• [Data excerpt]
__________________________________________________

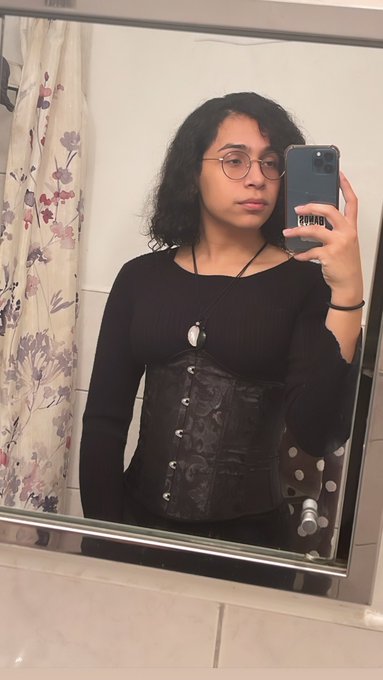 Unloved’s pics and videos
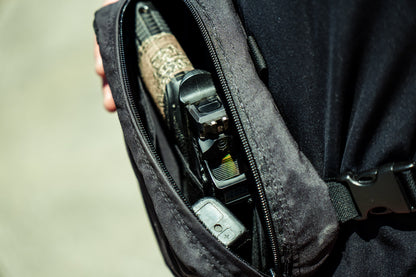 
תיק Pistol Pack על הגוף, בעת נשיאה ופתיחה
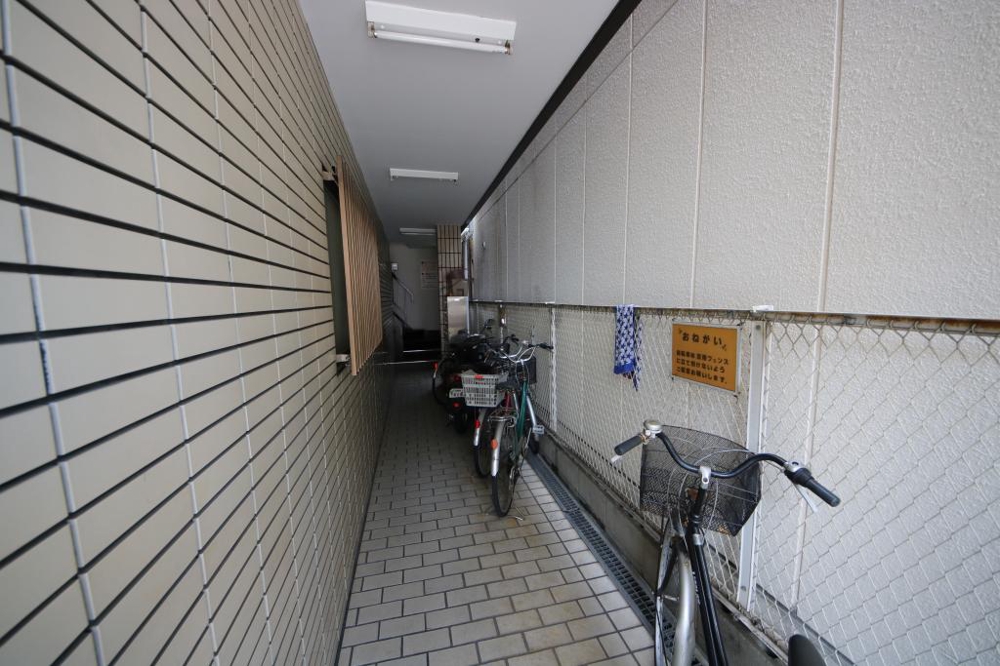 27/30 エントランス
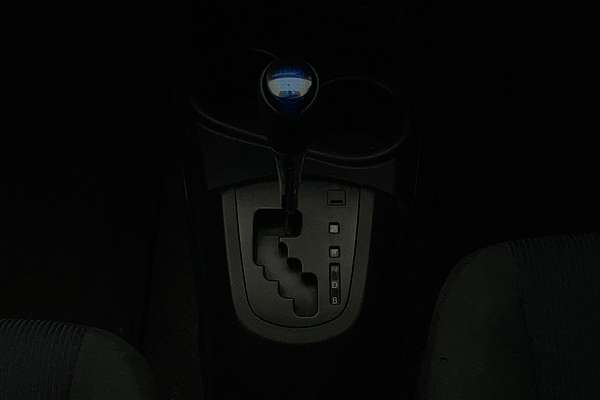 2015 Toyota Prius C NHP10R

__________________________________________________

• [To do] Give back all of the data exactly, but not the pictures.

• [Task result]
 Unloved’s pics and videos
תיק Pistol Pack על הגוף, בעת נשיאה ופתיחה
 27/30 エントランス
 2015 Toyota Prius C NHP10R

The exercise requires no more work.